Steve JobsA couple of years ago, shortly after Steve Jobs’ passing, I came upon his biography written by Walter Isaacson (the book was flying off the shelves at the time). That period for me was a period of obsessive fascination with Michael Jackson, and I was seeing the whole world in the light of his fate and personality. So while reading the biography of Steve Jobs, I couldn’t help but note parallels between these two outstanding figures of the late 20th century. Plus, I was always interested in geniuses and the nature of genius, so I jumped at the opportunity to compare the two personalities, and to deduce a “formula” of genius, so to speak.

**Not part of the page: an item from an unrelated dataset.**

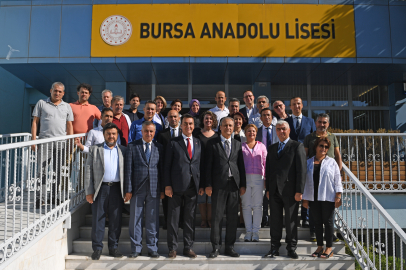 Başkan Dündar öğrencilerin heyecanına ortak oldu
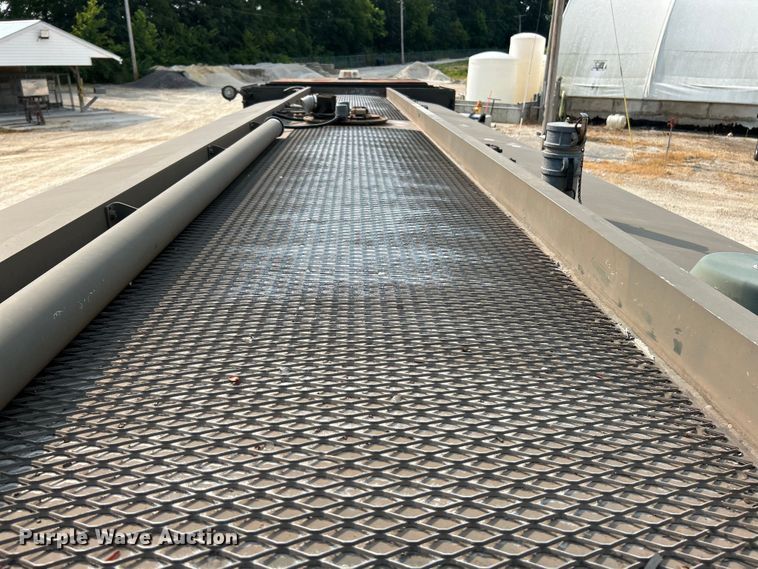 image for item EK5002 1990 Oshkosh water truck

Of course, Michael Jackson and Steve Jobs had very different characters, temperaments and interests. But both were outstanding people who achieved exceptional success in life, and that success didn’t fall into their hands all by itself. When you look at their lives in retrospect, you can clearly see that besides natural talent, they had a number of very similar traits that helped them to achieve these results. Here are the most evident components of their success:

1. Work not for money, but to change the world

Although both Michael and Steve became fabulously rich in their youth, they never saw the purpose of life in money and personal well-being. Steve Jobs had a competitive interest in building successful businesses, but the goal was never in personal profits. After leaving Apple in the 80s, he sold all his shares, and later, when he decided to return, he wasn’t agreeing to become the CEO and was for a few years working as a consultant for an annual fee of $1. He did not build palaces for himself and did not enjoy lavish sprees at expensive resorts – he had no time for any of it. He also did not gather focus groups or conduct market researches because he didn’t care about the financial justification of ideas. He believed that if you make a cool product, people will buy it. Similarly, Michael gave away profits from entire world tours to charity – from tours that were physically exhausting for him. But his concerts were always fantastic because the quality was measured not in money, but in satisfaction of the public. This also explains their unpretentiousness in private life. While making use of creature comforts, they did not worship them. Jobs lived in an almost unfurnished house and liked to walk barefoot. Michael often slept on a plain mattress on the floor or in a sleeping bag.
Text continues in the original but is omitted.